California's first rolling blackouts since the 2001 energy crisis are a stark reminder that achieving 100% carbon-free energy is harder than it looks.

With the worst heat wave in generations fueling near-record electricity demand, the state's rapid shift away from fossil fuels is making it difficult to ensure that the lights stay on. California, guided by one of the world's most ambitious clean-energy policies, has shuttered a massive amount of natural gas-fired generation in its bid to for carbon-free power. Now, the blackouts are raising questions about whether that shift happened too quickly.

"As we phase out gas plants we have to have a plan for maintaining reliability," said Severin Borenstein, a board member of the California Independent System Operator and professor at the University of California, Berkeley. "In some cases, we have built a reliability plan that isn't completely realistic."

Other regions coping with extreme weather typically call on conventional power to meet demand. During a heatwave last year, nuclear plants helped keep the lights on in Paris. In London, utilities relied on coal and gas plants. But California, which has one of the cleanest grids in the country, has retired more than 9 gigawatts of gas generation in recent years in a bid to green its grid by 2045. While the state still gets more than a third of its power from gas, that isn't always enough meet demand at peak hours - especially in the evening, when solar production wanes.

So California, already at the forefront of the energy transition, has become a testing ground for achieving carbon neutrality quickly - an explicit goal of Democratic presidential candidate Joe Biden. The blackouts underscore how difficult that effort is, but may offer lessons for other economies with carbon-free ambitions.

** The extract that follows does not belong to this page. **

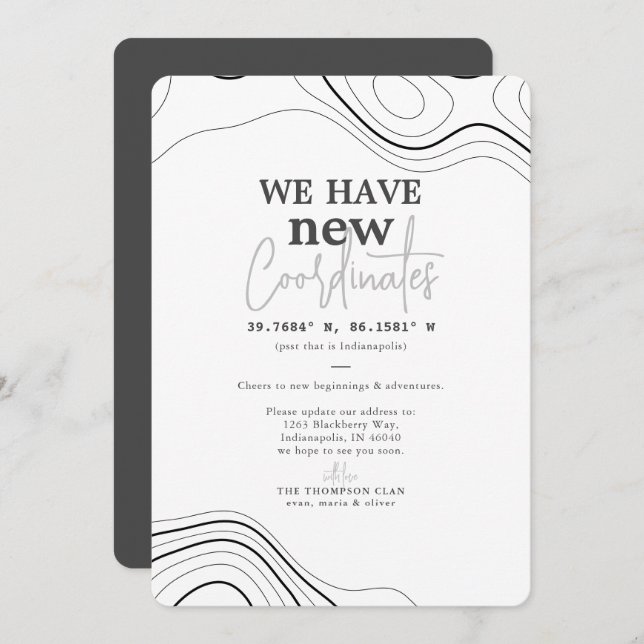 Anúncio Movimentação de Cinzas de Novas Coordenadas Modern (Frente/Verso)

"Our energy system is at the cutting edge of the transition," said Michael Wara, director of the Climate and Energy Policy Program at Stanford University. "As other regions make this transition, they will face these kinds of challenges."

The state's grid operator blamed the blackouts on "a perfect storm" of extreme heat and unusually high demand, as well as a drought that's limiting hydropower resources and a decline in electricity imports from neighboring states also struggling to keep air conditioners humming. Compounding the problem, 1 gigawatt of wind unexpectedly went offline Saturday, along with a gas plant.

Still, officials were adamant that solar and wind were not to blame for the blackouts.

"Renewables are not a factor," said Steve Berberich, chief executive officer of the California Independent System Operator. If anything, the state needs more renewables, backed by "extensive deployment of batteries," he said.

The dearth of battery storage has long been a key barrier to transitioning to a green grid. Though the price of batteries has fallen significantly, they're still not in widespread use. California only had enough to tackle about 1% of Monday's peak load forecast, Berberich said. The state needs about 12 gigawatts for batteries to effectively back up solar, he said. That will require significant investment.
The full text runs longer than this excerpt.